TASK STATEMENT — In the records below, the part to copy starts at the line containing "Stehlampe schwenkbar drehbar" and goes to the last line; output it exactly, without pictures.

DATA —
####

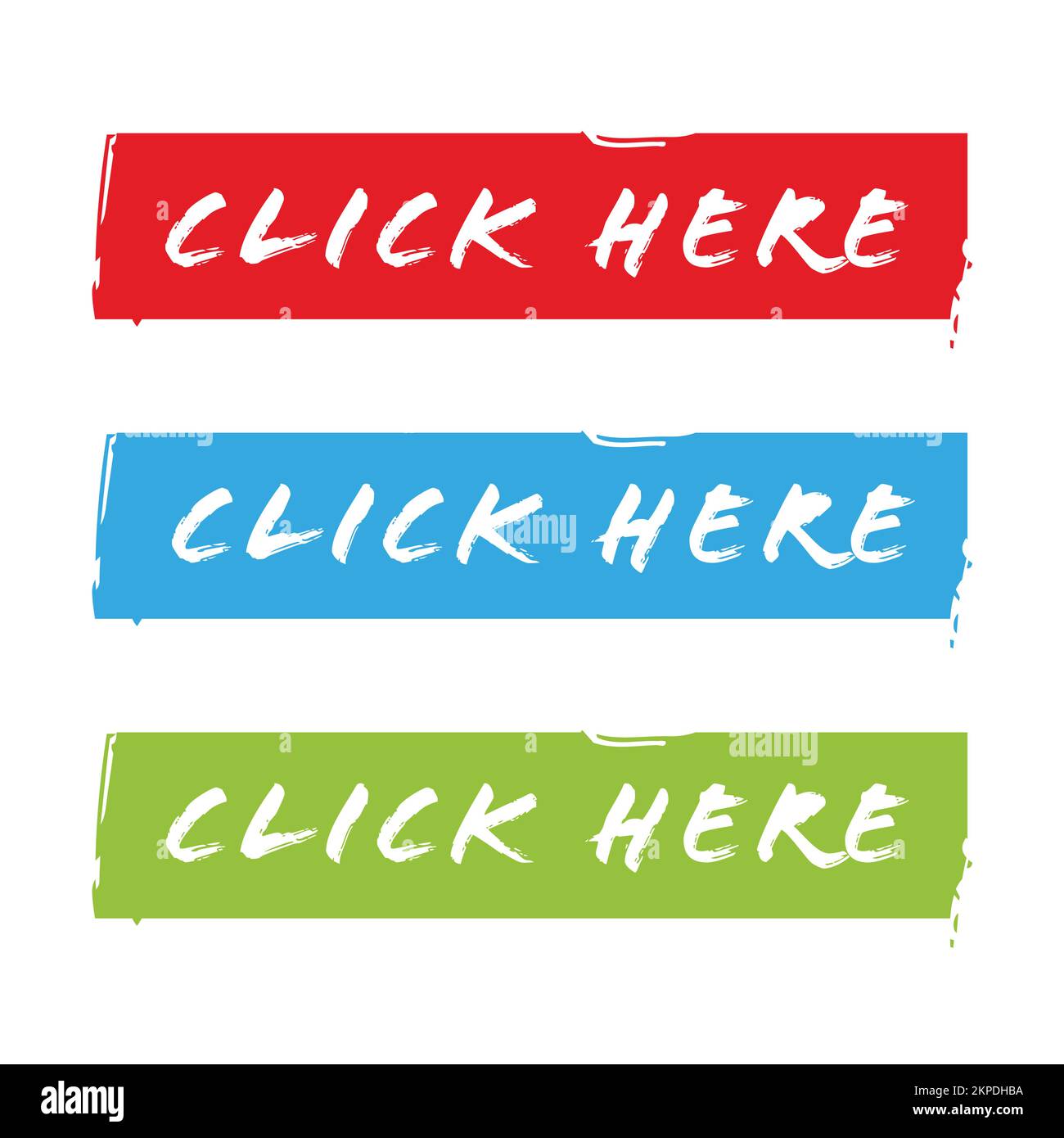 Cliquez ici action pour appeler ensemble de boutons Illustration de Vecteur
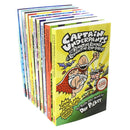 Captain Underpants 10 Books Set Collection Dav Pilkey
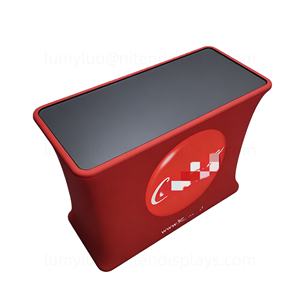 Exhibidor de Bebidas de Cola con Logotipo Personalizado, Mesa Plegable de Metal Portátil con Cubierta de Tela para Publicidad en Tiendas y Supermercados - Product Image 4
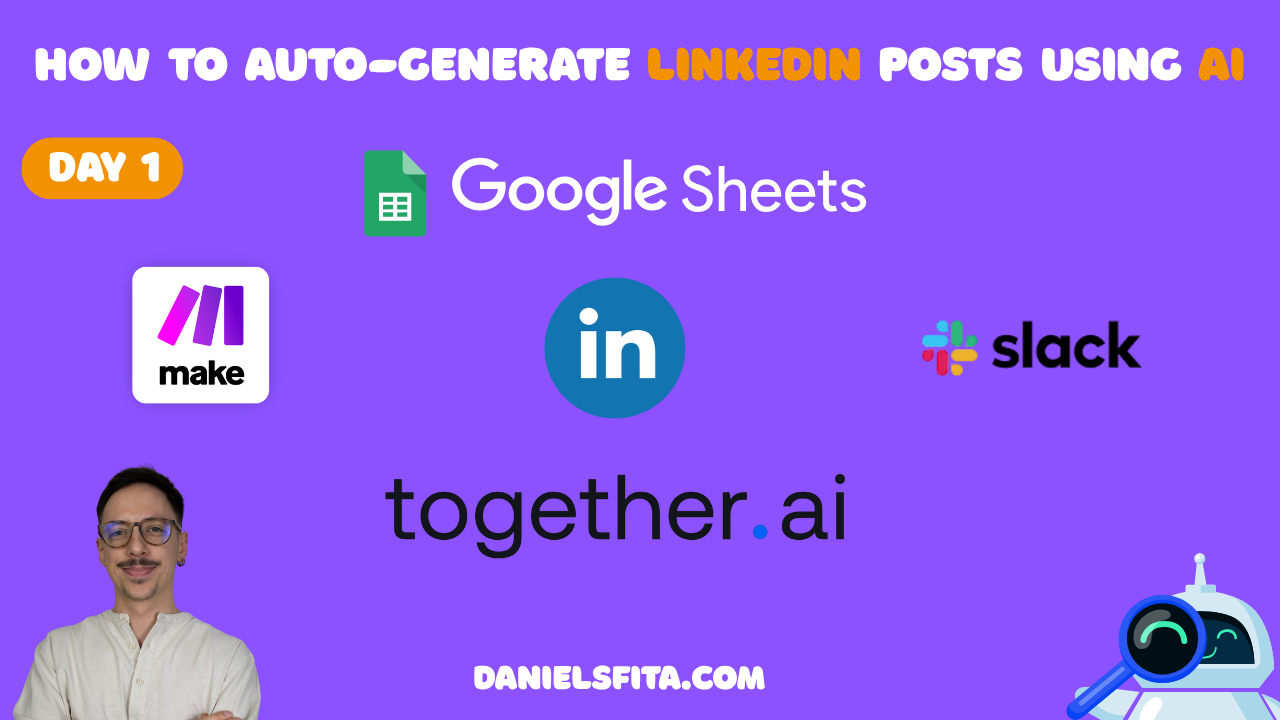Day 1 Automation: How to Auto-Generate LinkedIn Posts using AI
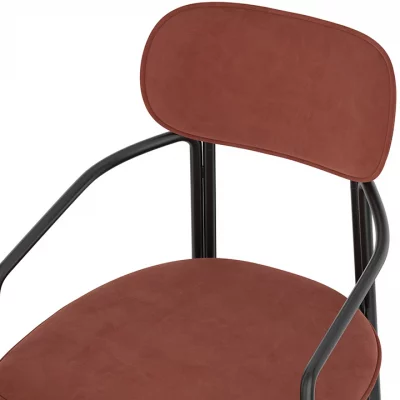 Стул Ror 57X49X83 CM тёмно-красный 4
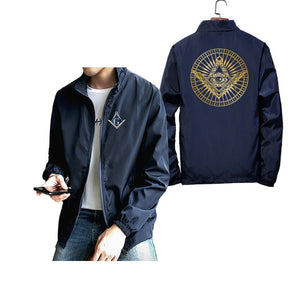 Master Mason Blue Lodge Jacket - Compass And Square All Seeing Eye (Multiple Colors) - Bricks Masons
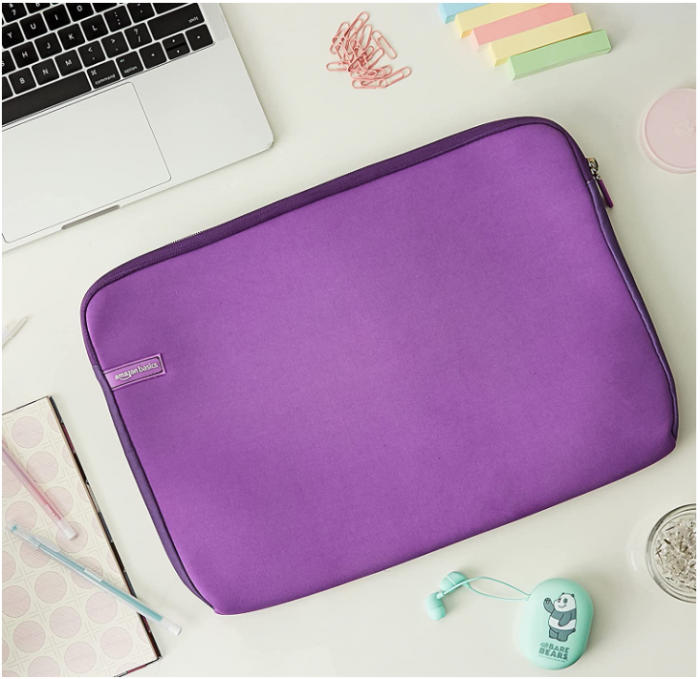 Husă pentru laptop Amazon Basics de 15,6 inchi (39,62 cm), violet [2]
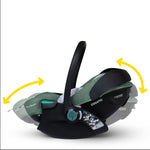 Woosh City Recline Car Seat Bundle Meadow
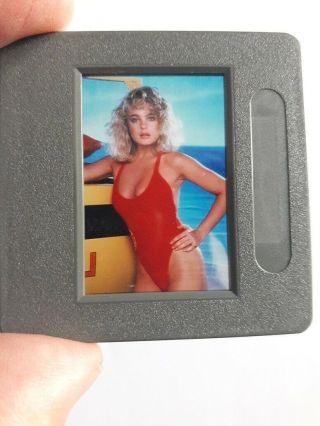 2 Erika Eleniak Baywatch Most Rare Promo Slide - Transparencies 35mm - Mn -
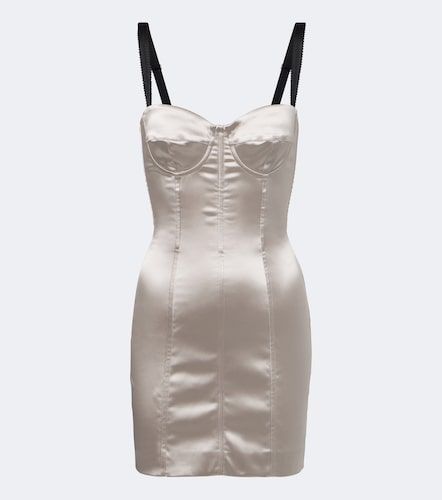 Dolce&Gabbana Robe en satin - Dolce&Gabbana - Modalova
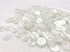 AMORNPHAN 15mm.(5/8") 4 Holes Standard Shirt Transparent Buttons Round Rasin Flatback Sewing Crafts Shirts Cloths DIY and Decoration Bulk Wholesal...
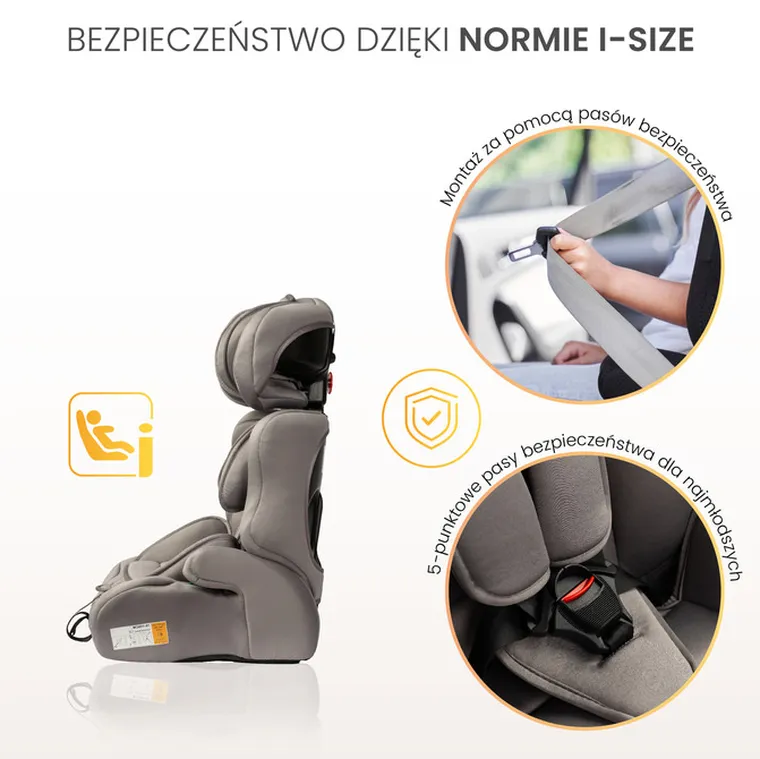 Caretero, Falcon i-Size, scaun auto, roz, 76-150 cm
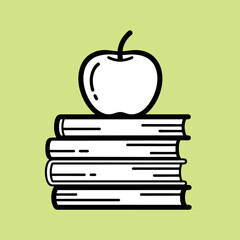 Simple vector of an apple on ...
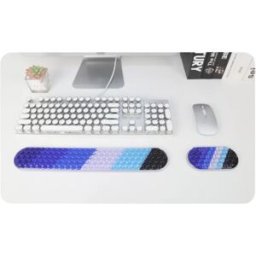 INF Ensemble de tapis de souris numérique analogique : confort ergonomique pour votre bureau Multicolore4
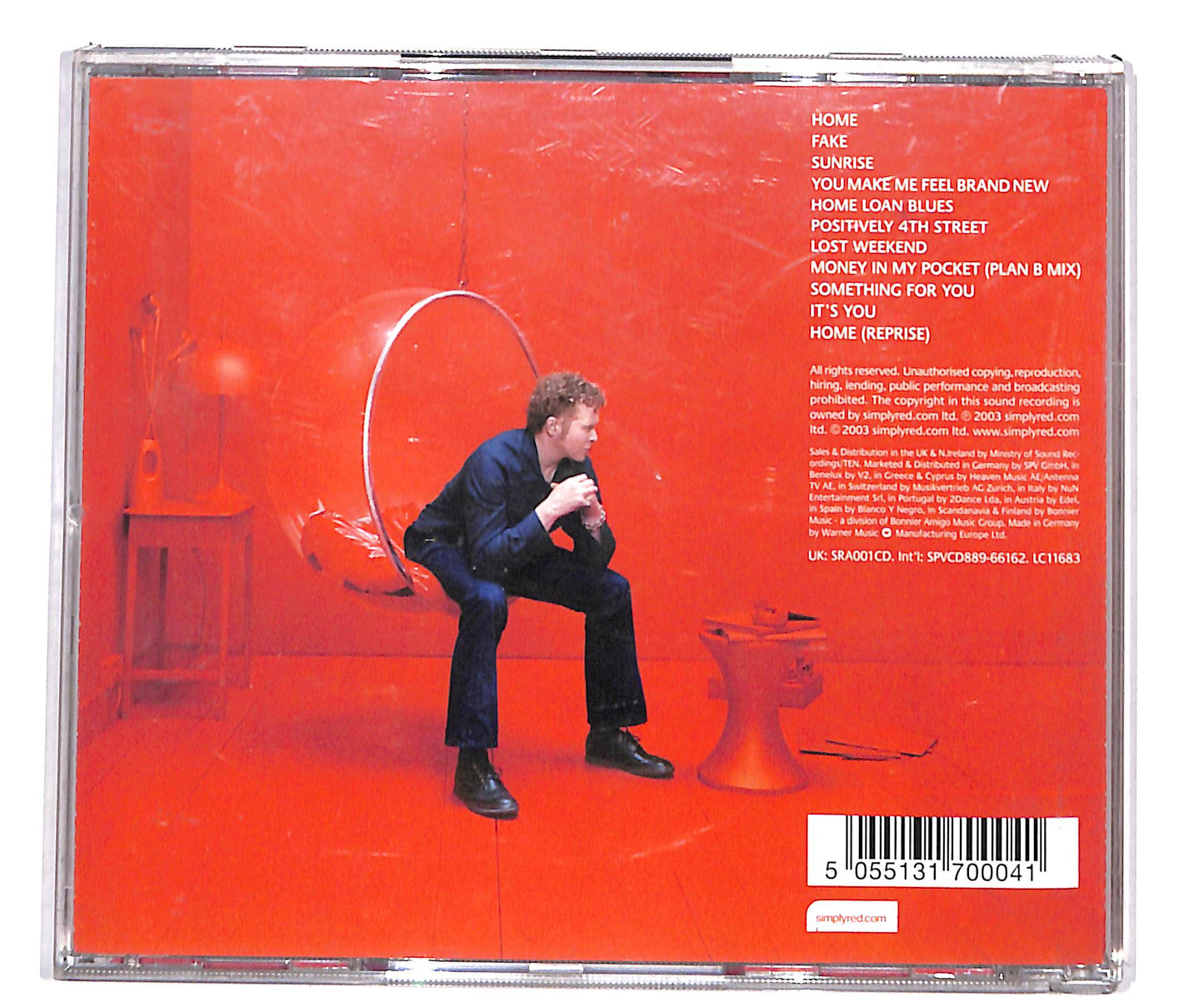 EBOND Simply Red - Home CD CD135663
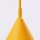 Stehlampe schwenkbar drehbar Stahl Gelb E14 H:165cm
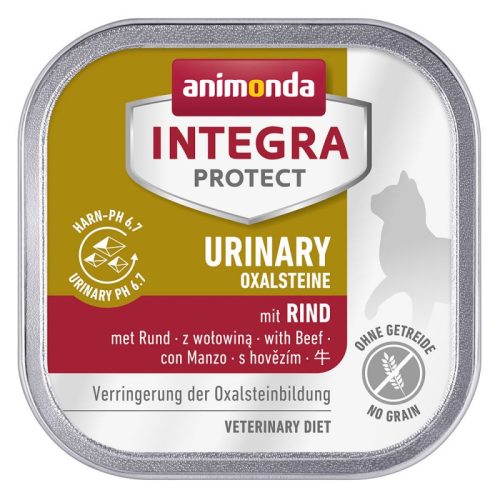 Animonda Integra Protect Cat Urinary Marha 100 g (húgykövek feloldásara, vizelet savasításra macskáknak)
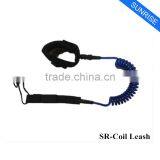 9ft Engineered Polyurethane Cord Longboard Coil Leash Leg Rope thumbnail-1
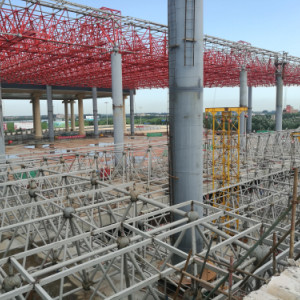 哈尔滨太平国际机场扩建项目网架制作安装工程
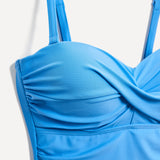 Capri Pale Blue Tummy Control Swimsuit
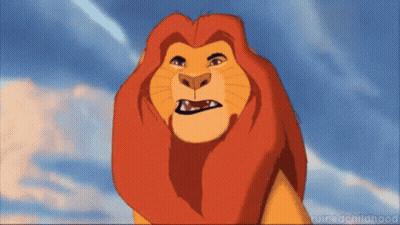 Angry Lion King Lion GIF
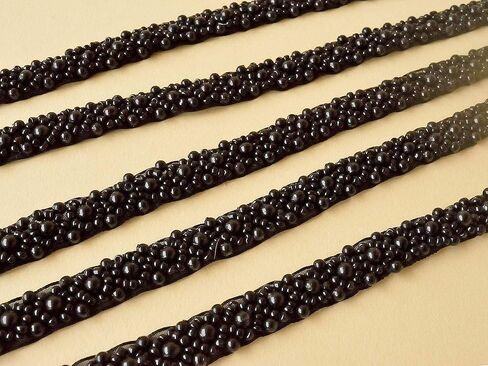 2 ياردة اللؤلؤ مطرز تقليم الزفاف شريطة من الدانتيل التشذيب حافة الشريط للحرفية الخياطة فستان الزفاف النسيج DIY الديكور 1 سنتيمتر (#2) in Kuwait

####

ANSWER BOX —
 Stehlampe schwenkbar drehbar Stahl Gelb E14 H:165cm
 Animonda Integra Protect Cat Urinary Marha 100 g (húgykövek feloldásara, vizelet savasításra macskáknak)
 9ft Engineered Polyurethane Cord Longboard Coil Leash Leg Rope thumbnail-1
 哈尔滨太平国际机场扩建项目网架制作安装工程
 Capri Pale Blue Tummy Control Swimsuit
 Angry Lion King Lion GIF
 2 ياردة اللؤلؤ مطرز تقليم الزفاف شريطة من الدانتيل التشذيب حافة الشريط للحرفية الخياطة فستان الزفاف النسيج DIY الديكور 1 سنتيمتر (#2) in Kuwait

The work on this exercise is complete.